Two identical wave pulses traveling toward each other on a string meet and momentarily produce a point of zero displacement — perfect destructive interference. What happens to the pulses after this moment?
ABoth pulses are absorbed at the point of cancellation and disappear
BThe pulses continue traveling in their original directions, unchanged, as if the meeting never happened
CThe pulses merge into a single stationary pulse at the point of cancellation
DThe pulses reflect off each other and travel back in the directions they came from
This is the central insight of superposition: waves pass through each other unchanged. At the moment of destructive interference, the string has zero displacement, but the wave energy is present in the kinetic energy of the string's motion. After the moment of overlap, each pulse continues on its original path, fully restored. The waves do not 'collide' — the medium responds linearly to both disturbances independently, so each wave propagates as if the other weren't there. This is why two people speaking in a room don't scramble each other's words.
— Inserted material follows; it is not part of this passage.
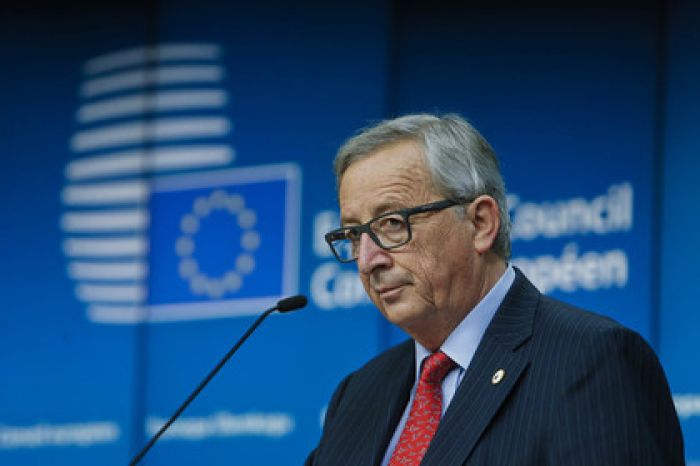 Глава Еврокомиссии заявил о продлении санкций против России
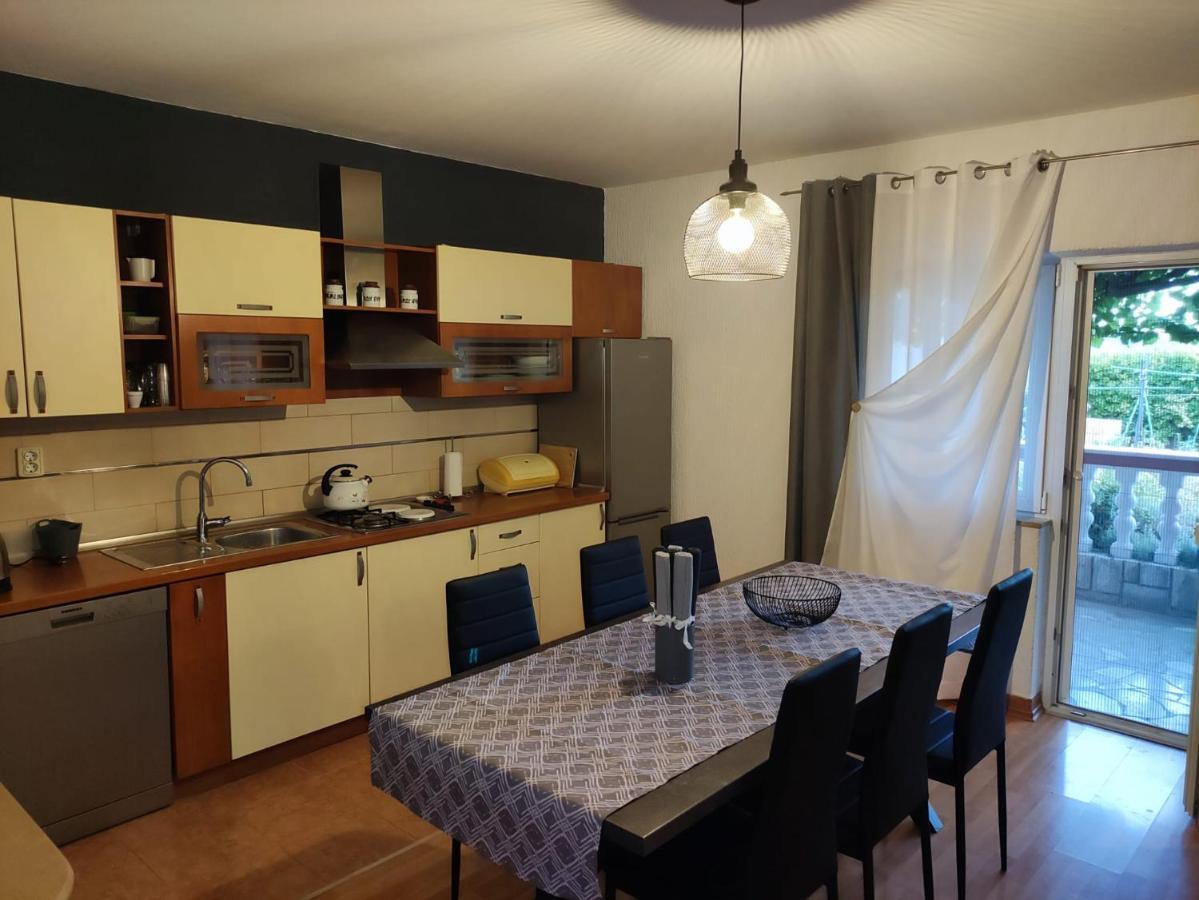 Apartment Cengo Kaštela Exterior foto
Question 2 Multiple Choice
A high-intensity laser pulse travels through an optical fiber. Under what condition does the superposition principle break down for such pulses?
AWhen the fiber is very long, causing the waves to forget their initial phase
BWhen the wave amplitude is large enough that the restoring force in the medium is no longer proportional to displacement
CWhen the wavelength is shorter than the fiber diameter
DSuperposition always holds for electromagnetic waves, regardless of amplitude
Superposition holds only for linear media, where the restoring force (or equivalent material response) is proportional to displacement. For large-amplitude waves, many real media become nonlinear — the restoring force is no longer strictly proportional, and the wave equation itself changes form. In optical fibers at high intensities, nonlinear optical effects (self-phase modulation, cross-phase modulation) allow waves to interact in ways that violate simple superposition. Ocean waves breaking in shallow water and shock waves in air at extreme pressures are other examples. At ordinary intensities in optics and acoustics, linearity is an excellent approximation.
Question 3 True / False
The superposition principle implies that two waves can permanently cancel each other out if they have equal amplitude and opposite phase.
TTrue
FFalse
Answer: False
False. Destructive interference is always temporary and local — waves cancel at points where a crest meets a trough of equal amplitude, but only at those specific locations (and only while overlapping). After the waves pass through each other, each wave continues unchanged. Energy is not destroyed during destructive interference; it is redistributed. In a standing wave, for example, nodes are points of persistent destructive interference, but the wave energy is concentrated at the antinodes, not eliminated. Permanent cancellation of propagating waves would violate conservation of energy.
Question 4 True / False
Fourier analysis — decomposing any periodic waveform into sinusoidal components — is valid because the wave equation is a linear differential equation.
TTrue
FFalse
Answer: True
True. If the wave equation were nonlinear, a sum of solutions would not itself be a solution, and there would be no guarantee that superposing sine waves could reconstruct arbitrary waveforms. The mathematical basis of Fourier analysis is precisely the linearity of the equation governing wave propagation: any linear combination of solutions is also a solution. This is why we can treat a complex musical sound as a sum of pure sinusoidal harmonics, why spectral analysis of signals is meaningful, and why interference patterns in optics can be calculated by summing individual wave contributions.
Question 5 Short Answer
Why do waves pass through each other rather than colliding like particles, and what property of the wave equation makes this possible?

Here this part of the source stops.